L’homme qui lui aurait rendu visite à l’Hospice, serait Boissy.

D’après un autre rapport de police du 14 mai 1890, Dervieux dit l’Abruti, racontait que Carron aurait fait disparaître dans la nuit qui a précédé son arrestation, un paquet assez volumineux, en le jetant dans la Saône, entre la passerelle Saint-Vincent et le pont de la Feuillée. Ce paquet aurait contenu des matières ou objets compromettants. On avait dû trouver quai Pierre Scize chez Marie Carron, des papiers brûlés, calcinés. C’était les papiers d’inscriptions des anarchistes lyonnais, les correspondances avec Paris et autres endroits, ainsi que d’autres documents importants dont Cadeaux était dépositaire.
Selon un rapport du 17 mai 1890, Marie Carron était la maîtresse de plusieurs anarchistes : Monnier, Dervieux et Vitre se seraient vantés d’avoir contribué à la mettre enceinte.
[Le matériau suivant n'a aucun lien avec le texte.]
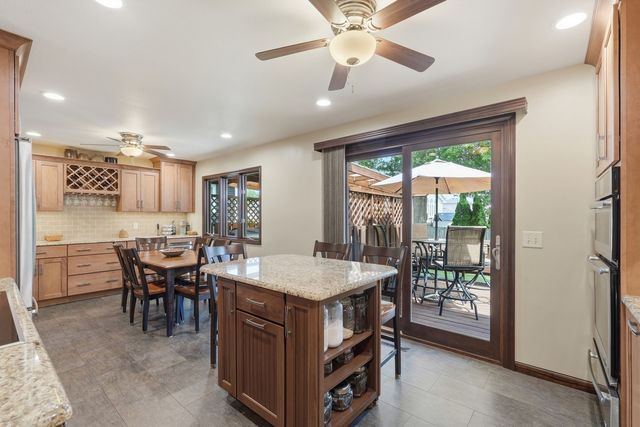 836 W 57th Street, Davenport, IA 52806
La presse dressa un tout autre portrait de Marie Carron, d’après le Lyon républicain, elle déclara que son amant était Guinet, Cadeaux venait simplement rendre visite à Guinet qui était son ami, elle n’était pas au courant de la fabrication de dynamite. La presse lyonnaise rendit compte de son interrogatoire devant le juge d’instruction mais n’évoqua jamais ses relations éventuelles avec d’autres anarchistes.

Le 2 août 1893, Marie Carron donna naissance à un garçon, Jean Antoine, n’ayant pas été reconnu par son père, il porta le nom de sa mère, la naissance fut déclarée par des employés de l’Hospice de la Charité.